I bet we'll discover one day that HTC got the contract because it undercut Huawei and LG - knowing its own sales are in the toilet, and it needs to go back to making kit for others to survive.
Google pockets a lot of this money too, because the trade margins are still tight enough that carriers would sooner sell you a SIM for a phone you get from Currys or Google Store.
As I suspected, after the initial reviews and positive feedback from those at the Google launch (who got phones given to them soon after) more information is starting to come out, about how it was apparently a rush job (so was the 6P, so I can believe that) and has an issue that I am sure Google was aware of (lens issue) and couldn't fix in time, but has been working on in software since before it went public.
Thing is though, if Google dropped the price by £200 or so, it would suddenly become a great phone at an 'honest' price.
I'm going to see what Huawei launches next Thursday and in February we'll see the Galaxy S8. Unlike buying an iPhone and having at least a year before anything better comes along, the Pixel stands a chance of being beaten by a few devices; Mate 9, OnePlus 3T, S8 and countless phones from China that people can import.
Google will need to up not only spending on marketing in the long term (not just the first week) but also make sure to support all the retailers if it wants this phone to be seen by people.

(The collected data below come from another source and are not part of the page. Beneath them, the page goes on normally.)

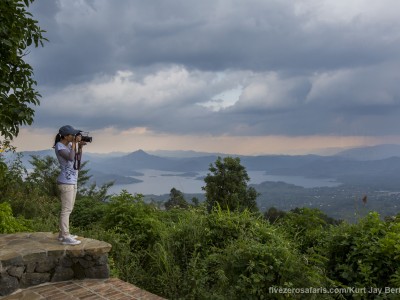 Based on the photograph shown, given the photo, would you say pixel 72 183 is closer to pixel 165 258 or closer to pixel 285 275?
pixel 165 258

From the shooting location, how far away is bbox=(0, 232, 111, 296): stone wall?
569 centimetres

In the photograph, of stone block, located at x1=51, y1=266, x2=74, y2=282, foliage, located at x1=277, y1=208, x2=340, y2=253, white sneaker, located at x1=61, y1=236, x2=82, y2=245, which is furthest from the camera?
foliage, located at x1=277, y1=208, x2=340, y2=253

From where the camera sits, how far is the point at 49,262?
19.7 ft

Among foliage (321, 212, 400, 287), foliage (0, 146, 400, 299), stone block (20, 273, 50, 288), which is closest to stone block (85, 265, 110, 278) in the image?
foliage (0, 146, 400, 299)

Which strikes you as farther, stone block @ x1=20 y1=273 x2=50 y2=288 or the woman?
the woman

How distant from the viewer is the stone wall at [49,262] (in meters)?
5.69

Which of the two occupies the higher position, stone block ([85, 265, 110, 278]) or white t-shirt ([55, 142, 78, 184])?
white t-shirt ([55, 142, 78, 184])

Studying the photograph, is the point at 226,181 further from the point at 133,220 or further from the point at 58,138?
the point at 58,138

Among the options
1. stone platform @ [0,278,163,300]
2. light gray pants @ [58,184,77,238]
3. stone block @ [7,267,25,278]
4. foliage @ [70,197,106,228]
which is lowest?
stone platform @ [0,278,163,300]

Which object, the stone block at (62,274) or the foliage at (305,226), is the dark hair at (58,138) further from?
the foliage at (305,226)

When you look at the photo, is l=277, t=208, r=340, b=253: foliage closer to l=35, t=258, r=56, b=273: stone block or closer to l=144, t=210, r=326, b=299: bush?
l=144, t=210, r=326, b=299: bush

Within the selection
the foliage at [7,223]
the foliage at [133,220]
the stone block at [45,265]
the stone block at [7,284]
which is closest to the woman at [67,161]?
the stone block at [45,265]

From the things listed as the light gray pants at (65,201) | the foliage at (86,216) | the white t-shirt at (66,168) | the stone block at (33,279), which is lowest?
the stone block at (33,279)

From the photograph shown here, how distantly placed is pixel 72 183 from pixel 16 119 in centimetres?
141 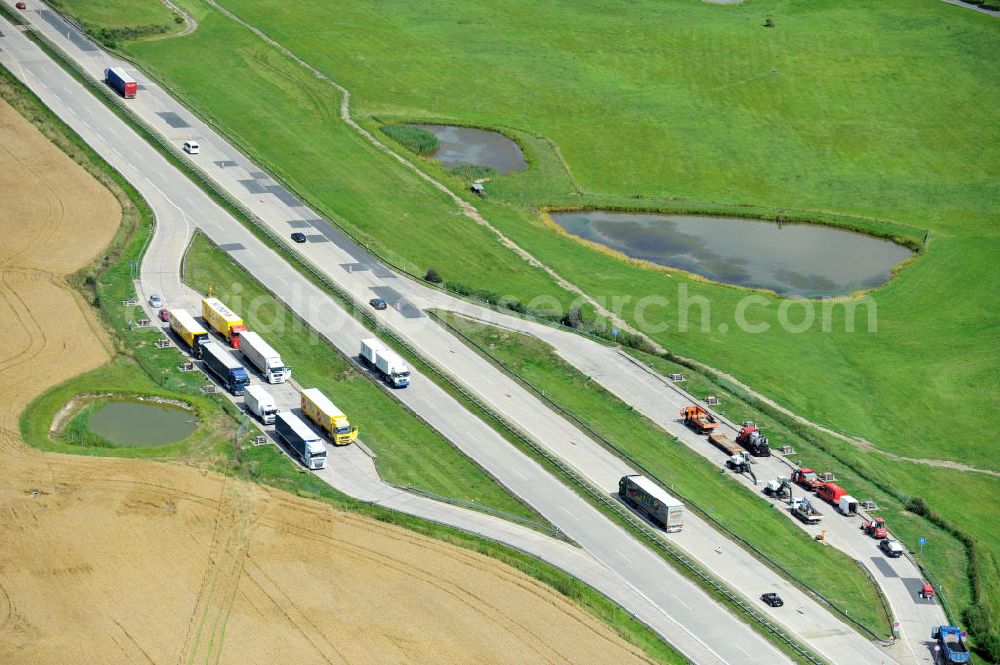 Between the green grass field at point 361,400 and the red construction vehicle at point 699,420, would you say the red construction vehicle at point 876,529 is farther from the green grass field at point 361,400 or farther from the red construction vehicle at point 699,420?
the green grass field at point 361,400

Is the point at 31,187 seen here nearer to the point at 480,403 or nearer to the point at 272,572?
the point at 480,403

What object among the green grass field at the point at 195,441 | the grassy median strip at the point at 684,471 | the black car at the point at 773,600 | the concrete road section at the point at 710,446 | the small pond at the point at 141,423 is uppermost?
the concrete road section at the point at 710,446

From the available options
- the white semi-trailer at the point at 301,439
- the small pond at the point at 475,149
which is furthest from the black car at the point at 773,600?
the small pond at the point at 475,149

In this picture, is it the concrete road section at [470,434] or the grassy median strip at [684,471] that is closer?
the concrete road section at [470,434]

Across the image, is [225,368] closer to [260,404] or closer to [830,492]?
[260,404]

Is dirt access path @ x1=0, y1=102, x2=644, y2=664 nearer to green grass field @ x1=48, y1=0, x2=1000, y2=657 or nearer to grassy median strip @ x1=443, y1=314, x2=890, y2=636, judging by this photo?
grassy median strip @ x1=443, y1=314, x2=890, y2=636

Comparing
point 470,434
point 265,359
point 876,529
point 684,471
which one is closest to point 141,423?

It's all very good having THREE dedicated areas in Currys, and a few big pods in EE stores, but when a local store can reveal having sold less than ten since launch, you realise that EVERY store needs working Pixel phones on display and staff willing to give you demos.
The Currys flagship store, which had the video of people queuing up to buy the Pixel on launch day, didn't sell of 32GB models at all. It sold out of the 128GB model the NEXT day. If that had been Apple, everything would have been snapped up within hours.
Samsung spend a stupid amount of money on field marketing, pop up stores/promotions and for weeks after the S6 and S7 were launched, they had agency staff working in many stores to demo the phone. John Lewis often have Samsung staff there so often you'd think they were JL staff!